The overall goal of this surgical procedure is to thin the skull without damaging the underlying tissue and implant a cranial window suitable for imaging. This method is an improvement on cranial window surgery and may allow more surgeons to perform this technique. The main advantage of this technique is that it allows for shorter surgeries with a lower average rate of complications.
Before beginning the surgery, ensure that all instruments to be used have been autoclaved to ensure sterility. Anesthetize the mouse with isoflurane. Apply veterinary eye lubricant to the eyes to prevent drying.
Then, pinch the hind toe to ensure proper depth of anesthesia. Next, remove the hair over the scalp with a three-minute application of hair removal gel. Then, place the anesthetized mouse in the stereotaxic frame on a heating pad or calibrated water recirculating blanket set to 38 degrees Celsius.
Ensure that the mask delivering anesthesia is properly placed. Administer buprenorphine subcutaneously to provide presurgical analgesia.
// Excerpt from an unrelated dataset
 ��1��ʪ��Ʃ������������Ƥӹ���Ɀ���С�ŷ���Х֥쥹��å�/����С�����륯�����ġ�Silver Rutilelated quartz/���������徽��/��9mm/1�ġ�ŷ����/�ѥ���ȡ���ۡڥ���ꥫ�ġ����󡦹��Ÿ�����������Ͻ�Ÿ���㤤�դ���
Then, disinfect the scalp with three alternating applications of chlorhexidine or Betadine and 70%ethanol using a cotton-tipped applicator.
Lastly, inject 100 microliters of bupivacaine diluted 50%in saline under the scalp to provide local anesthesia. Fix a four-millimeter sterile circular tip to the handpiece of the Piezoelectric surgery unit. The large tip size contributes to the speed of the surgery as the entire window can be thinned simultaneously.
Set the Piezoelectric surgery unit to vibrate on the lowest setting as higher settings may break blood vessels due to intense vibrations. Fill a 10-milliliter syringe with ice-cold ACSF and hold in the hand not holding the Piezoelectric handpiece. Gently apply the vibrating surgical tip to the skull with a light circular motion and thin the bone to the desired depth to perform a thin-skull preparation.
Irrigate the skull to prevent overheating from the high-frequency vibrations by dripping the ACSF from the syringe onto the skull at a rate of one-milliliter per minute. Gently adjust the angle of the handpiece and change the angle of the tip while applying pressure to the skull to thin the skull uniformly. Be careful to not overly thin one section of the window.
Make sure to gently adjust the angle of the handpiece to thin the skull uniformly. Check the skull regularly to avoid removing too much bone and damaging the underlying tissue. Place a one-millimeter piece of hemostatic collagen foam soaked in cold ACSF on the exposed dura.
Allow it to sit on the dura for about 30 seconds to stop any microbleeds from developing. After placing a four-millimeter glass coverslip laterally over the thinned window, use the back of a small plastic or wooden cotton-tipped applicator to apply approximately one drop of cyanoacrylate glue to the corner of the window. And use the tips of the forceps to ensure that the coverslip forms a seal with the skull.
Finally, add 100 microliters of dental acrylic to the skull to hold the window in place. While the dental acrylic is still soft, use the tip of a broken wooden applicator to push back any dental acrylic that occludes the imaging window. When finished, remove the mouse from the surgical apparatus and place it in a heated cage for recovery.
Monitor continuously until the mouse has regained full consciousness as assessed by normal mobility, gait and behavior. Assess the animals twice a day for three days for manifestations of post-surgical pain including decreased activity, grooming, food and water consumption, guarding behavior or increased aggression. Administer buprenorphine subcutaneously as an analgesic eight to 12 hours after the surgery for three days as approved in our IACUC protocol.
Monitor the area of the window for dehiscence, inflammation and signs of infection. Calcium transience observed with the red calcium indicator jRGECO1a were imaged in layer four pure middle neurons in the motor cortex of a head-fixed mouse with a three-millimeter window prepared with PHASOR. This image was taken through the same window, but shows a different region of layer four motor cortex.
As seen here, time per surgery was lower for PHASOR than dental drill surgeries with statistical significance denoted as P is less than 0.05 by a two-tailed T-test. The percentage of successful surgeries defined as no bleeding or visible damage to the dura was higher for PHASOR than dental drill surgeries as assessed by a one-tailed Z-test. Once mastered, this technique can be performed in less than 10 minutes if it is performed properly.
Following this procedure, a variety of in vivo imaging methods including multiphoton imaging can be performed to visualize neurons in vivo. Thanks for watching and good luck with your experiments.